Lorsqu’une entreprise est placée en redressement judiciaire, la question des garanties devient centrale. Les banques et investisseurs exigent des sûretés solides pour accorder de nouveaux financements. Dans ce contexte, la fiducie-sûreté se révèle être un levier juridique particulièrement efficace. En transférant temporairement la propriété d’un actif à un fiduciaire pour garantir une dette, elle permet d’obtenir un financement sans perdre définitivement la maîtrise du bien. Cette solution, encore méconnue des dirigeants, peut être déterminante pour sauver une entreprise menacée, préserver son patrimoine et rassurer ses créanciers. Cet article détaille les mécanismes, les avantages et les précautions d’usage de la fiducie-sûreté dans le cadre d’un redressement judiciaire.

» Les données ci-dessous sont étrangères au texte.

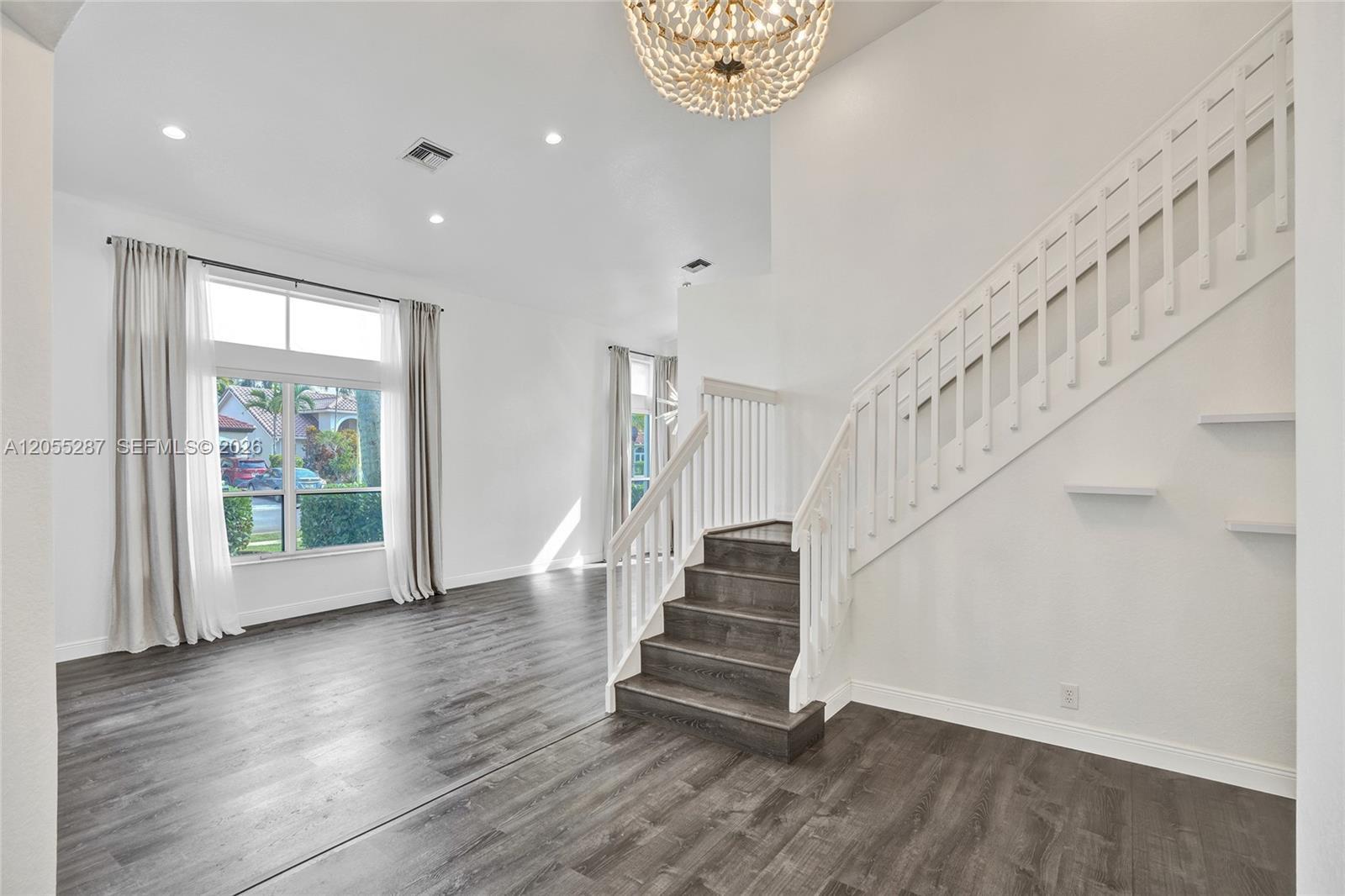 740 E Cypress Pointe Dr E, Pembroke Pines FL 33027 photo 3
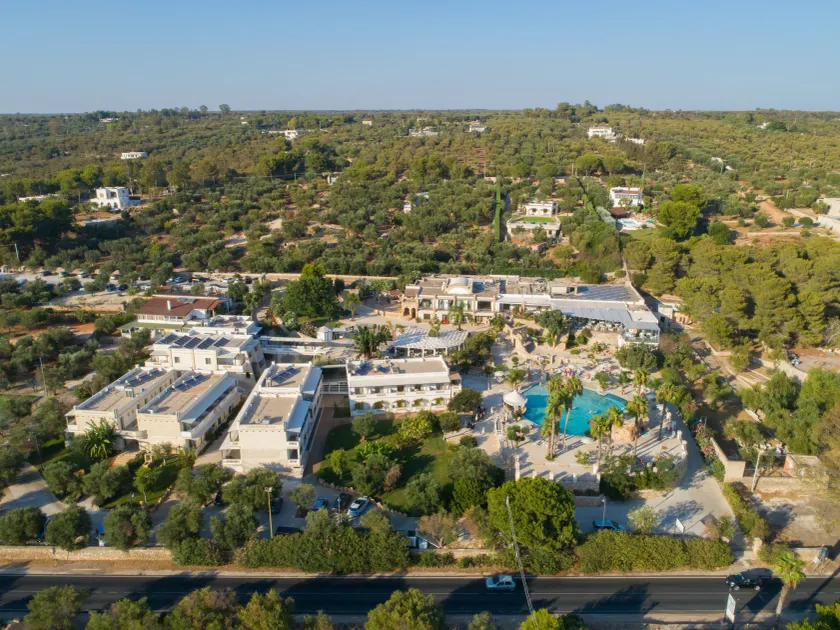 Eden Resort Country - Image 1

Qu’est-ce que la fiducie-sûreté ?

La fiducie-sûreté est un contrat par lequel un débiteur transfère temporairement la propriété d’un bien, d’un droit ou d’un ensemble d’actifs à un fiduciaire. Ce dernier détient le bien à titre de garantie pour le compte d’un ou plusieurs créanciers, jusqu’au remboursement complet de la dette. À l’issue du paiement, le bien est restitué au constituant. Cette sûreté présente une particularité majeure : le bien transféré est juridiquement séparé du patrimoine du débiteur. Ainsi, en cas de défaillance, le fiduciaire peut réaliser le bien pour rembourser le créancier, sans passer par la procédure collective.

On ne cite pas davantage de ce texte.